Beringia. The shallowness of the strait is one of the keys to the story. Was the sea always there? You will hear about the Beringia land bridge. Indeed, about 21,000 years ago, this area was land. The sea level was then 120 meters lower than today, providing a passage between the American continent and Eurasia. Man came from Asia and gradually colonized the American continent through Alaskan Siberia. The land bridge then disappeared, about 11,000 years ago.
Vitus Bering. In the 18th century, a Danish explorer, Vitus Bering, undertook a voyage across the strait, with the aim of mapping the region for the Russian Empire. During one of his expeditions, he discovered the coasts of the American continent and returned with otter skins, arousing the interest of Russian merchants. The latter then launched new expeditions to bring back furs to Russia. As colonization progressed, the present-day Alaska became part of the Russian Empire: it was referred to as Russian America, even though there were only a few of them in the territory. But little by little, the tsarist power lost interest... Fur is becoming scarce, because otters have been decimated, climatic conditions complicate colonization, relations with local populations are difficult, sometimes violent. Then in 1856, Russia lost the Crimean War against the United Kingdom and feared them in Canada. For all these reasons, in 1867, Russia sold Alaska to the United States for a paltry sum. Since that date, the Bering Strait has become a border between two countries.
"Ice Curtain". During the Cold War, the Bering Strait was one of the few places in the world where capitalism and communism faced each other directly. Like the Iron Curtain in Europe, it was named the Ice Curtain. In March 1948, the USSR decided to close the border. The indigenous populations living on both sides of the strait, the Yup'ik, found themselves deprived of relations with their relatives on both sides of the border. With the current war in Ukraine, the Bering Strait is under heavy scrutiny.
Global warming. From peripheral, the Bering Strait could become central. The melting of the ice pack, linked to global warming, is progressively allowing ships to navigate inside the Arctic Circle, creating, in the long term, two new maritime routes through the Bering Strait: the Northeast Passage and the Northwest Passage. They allow to reduce considerably the distances between Europe, America and Asia, compared to the traditional routes.
The Northeast Passage. This maritime shortcut reduces the distance between London and Yokohama, for example, from 21,000 km via the Strait of Malacca and the Suez Canal, to 14,000 km via the Northeast Passage of the Bering Strait. As a sign of the changes taking place, traffic in the Bering Strait is expanding. If in the past ships were escorted by icebreakers, today, even if the sea route remains impassable for a good part of the year, global warming and the break-up of the ice pack have made it more accessible.
The Northwest Passage.

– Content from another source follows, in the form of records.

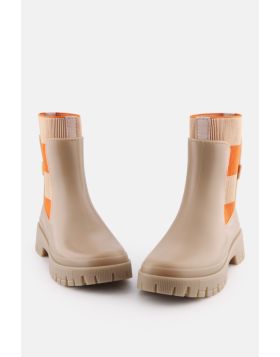 Selena Boot By Lemon Jelly In Nude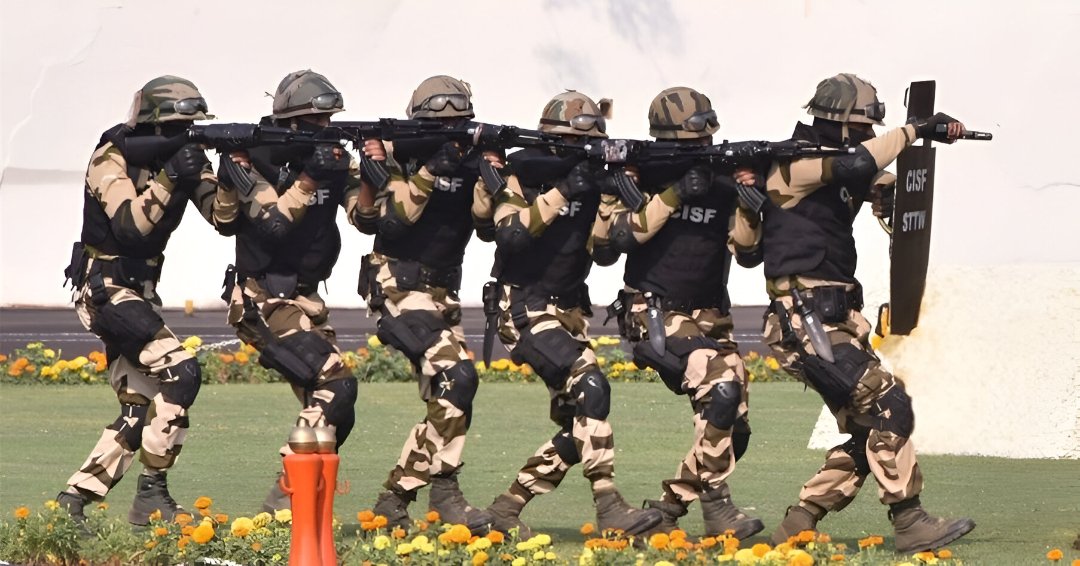 CISFNORTHEAST's tweet image. In emergencies, every second counts.
#CISF Quick Reaction Team (QRT) — the elite Hit Team — responds with speed, precision &amp;amp; courage to secure lives &amp;amp; vital assets.
#PROTECTIONandSECURITY  #ShieldOfSecurity 
@HMOIndia  @PIB_India  @CISFHQrs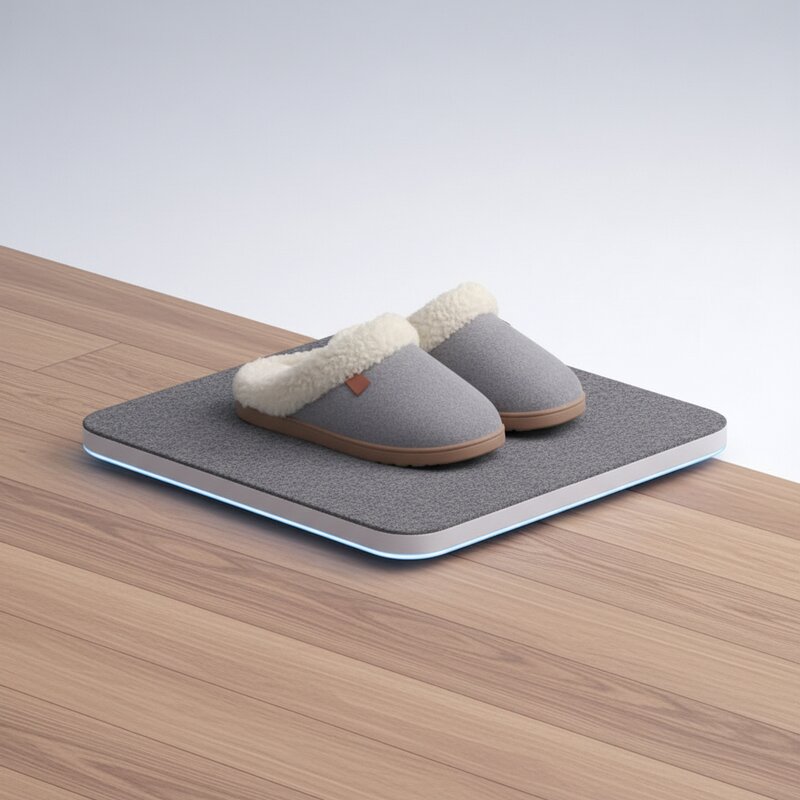 Мягкие тапочки из флиса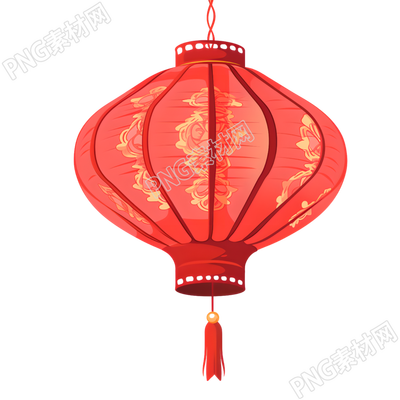紅燈籠創(chuàng)意插畫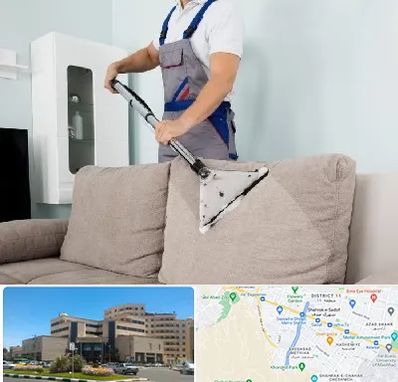 مبل شویی در صیاد شیرازی مشهد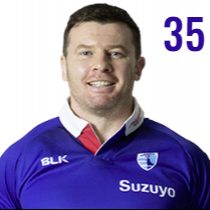 Murray Douglas Shizuoka Blue Revs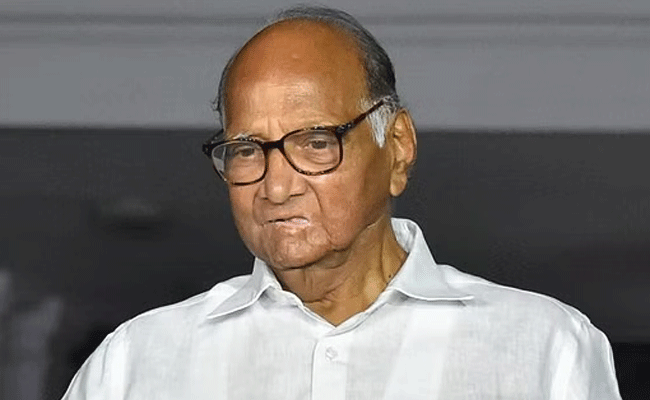 NCP chief Sharad Pawar undergoes cataract surgery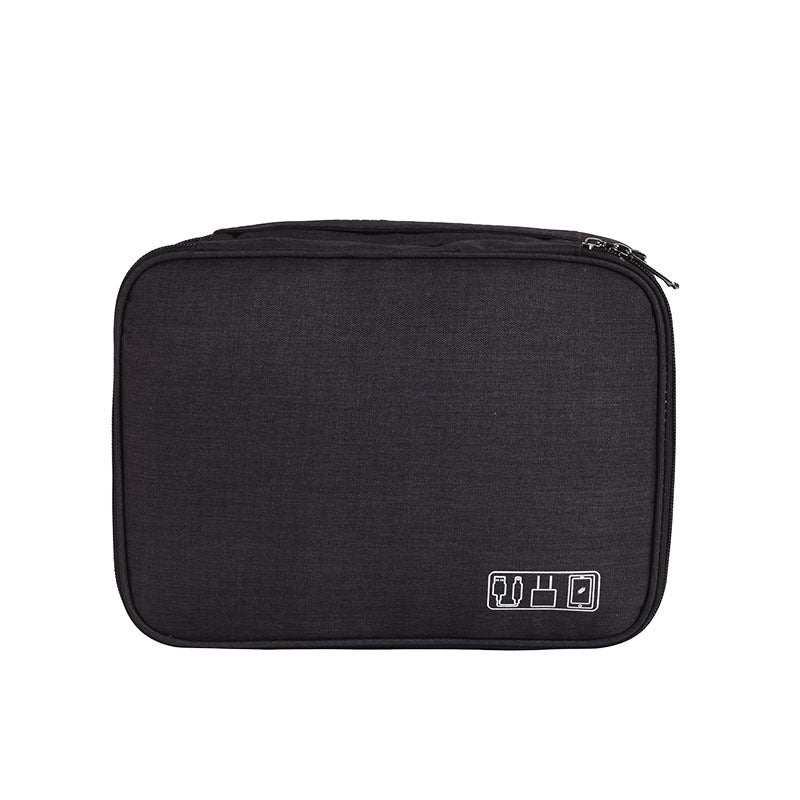 Cable Organizer Bag Gadget Organizer Cable Case Portable Travel Electronic Accessories Storage Bag Charger Headset Digital Pouch sariiholidaycouture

Proof that these new maritime routes do not only attract large industrialists, the explorer Anne Quéméré has set herself a new challenge: to leave for the Great North and travel 3,500 kilometers on a solar-powered boat, equipped with 10m2 of solar panels. If her first attempt to cross the Northwest Passage through the glaciers was unsuccessful, she will try again soon. Anne Quéméré has already traveled in the Great North, but she wants to bear witness to the upheavals suffered by the environment and the people: "I want to tell stories, I want to feed the curiosity I have about the Inuit people," she said in an interview for France 3 Région.
But the story of the future does not stop there... Russia has considered again in 2011 to build a tunnel under the Bering Strait, after more than a century of an idea that exists since the nineteenth century but has never succeeded. More than 100 km long, twice the length of the Channel Tunnel, it would link the American and Russian shores. Obviously, the current war situation in Ukraine does not allow to consider any tunnel project at the moment.
Can we get there? Only people who have a sailboat or want to venture out with the crew of a fishing boat are the ones who will see the strait up close, but there are no scheduled tourist visits. The only way to "discover" the strait is still to fly over it by seaplane.